Quando poi sul cadavere del giovane ebreo viene rinvenuto un misterioso simbolo, la testa di un leone, simile a quelli che Owen McSwiney aveva intravisto durante la misteriosa cerimonia capeggiata da Olaf Teufel, presente peraltro anche sui corpi delle due giovani trovate cadavere, allora Canaletto non ha più dubbi. Quel disegno rappresenta Sekmet, la divinità egizia della distruzione, delle epidemie e dello sterminio, con la testa di leone e il corpo di donna: chi l’ha raffigurata nelle proprie sale vuole portare epidemia e distruzione a Venezia.

Non c’è un momento da perdere se si vuole salvare la Serenissima dal caos, e anche Charlotte, la quale sembra essere misteriosamente scomparsa e rischia di fare la fine delle altre due giovani donne.

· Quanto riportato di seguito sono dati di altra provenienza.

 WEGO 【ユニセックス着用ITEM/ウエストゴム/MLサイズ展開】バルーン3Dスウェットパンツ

Ma chi si nasconde dietro questo diabolico disegno? Olaf Teufel? Sicuramente il cicisbeo è una delle colonne portanti della struttura che, però, si regge su solide fondamenta ben piantate nel cuore della Repubblica, che sanno bene come e quali fili muovere per generare il seme del terrore a Venezia:

“Il contagio. La paura è come un contagio. Comincia come una piccola fiamma, sufficiente ad accendere uno stoppino. Poi si propaga e, in breve, diventa un incendio”.

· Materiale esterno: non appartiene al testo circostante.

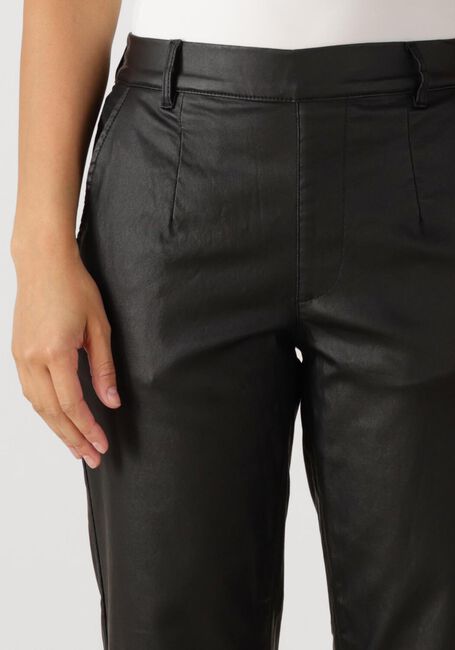 Zwarte OBJECT Pantalon OBJBELLE LISA COATED PANT NOOS - large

Sarà una visita notturna nell’inquietante cimitero di Sant’Ariano a svelare molti tra gli enigmi che ci hanno accompagnato durante la lettura.

Il Cimitero di Venezia è un thriller storico dai molti pregi. Innanzitutto possiede quello che, a mio parere, è il pregio tra i pregi, ovvero la scorrevolezza. La lettura procede spedita, senza interruzioni, punti morti, zone di eccessiva riflessione, portando il lettore alla meta in un tempo record, quasi senza neanche accorgersi che è arrivato alla parola FINE.

Altro vanto è l’ambientazione storico-geografica. La Venezia del 1700 si presta meglio di qualsiasi altro luogo allo svolgersi di una fiction, è un luogo che, come accennato in precedenza appare nel suo involucro al suo massimo splendore, ma nasconde un’anima tormentata, corrotta, malsana che mollemente si avvia verso il suo ultimo Carnevale. Un simile luogo non può non nascondere segreti dietro le sue maschere, non può non essere il posto perfetto per lo svolgimento di un thriller.

“… una città sull’acqua, unica al mondo, l’unica ancora pienamente cristallizzata nel passato, l’unica a rappresentare il sogno impossibile dell’uomo per il modo stesso in cui è stata concepita e costruita, incarna un ideale romantico al quale non riesco più a rinunciare”.

Altra nota di interesse è l’ombra della massoneria che aleggia su tutta la vicenda. Nonostante le origini di questo fenomeno siano state considerate per natura leggendarie o mitiche, è un dato di fatto che è proprio in questo secolo che iniziano a nascere le varie logge europee (La Gran Loggia di Londra del 24 giugno 1717 fu la prima, a seguire le altre in tutte le zone dell’impero britannico e nel resto d’Europa. In Italia la prima loggia fu fondata a Firenze nel 1731), dando vita alla moderna massoneria, quella a carattere speculativo. Riti segreti, patti di fratellanza, maschere che celano volti e simboli esoterici. Tutti ingredienti che si sposano perfettamente con un thriller.

E poi Antonio Canal, un artista straordinario che ci guida nei meandri della storia e tra le calli della città lagunare con eleganza e precisione, quasi stia dipingendo una delle sue tele, determinato non solo alla ricerca di giustizia per le vittime, ma soprattutto alla salvaguardia del luogo che ama, la sua Venezia.

In conclusione direi che Matteo Strukul con Il Cimitero di Venezia ha imitato alla perfezione la tecnica pittorica del suo protagonista, ci ha regalato una veduta veritiera seppur oscura della Serenissima del 1700, trasportandoci sulla laguna con gli occhi della mente.

“Non più la semplice veduta, il congelamento dell’istante attraverso la tela, piuttosto la riproduzione di una parte della città, trasfigurata in un gioco di prospettive e punti di vista, a celebrare la grandezza della Serenissima”.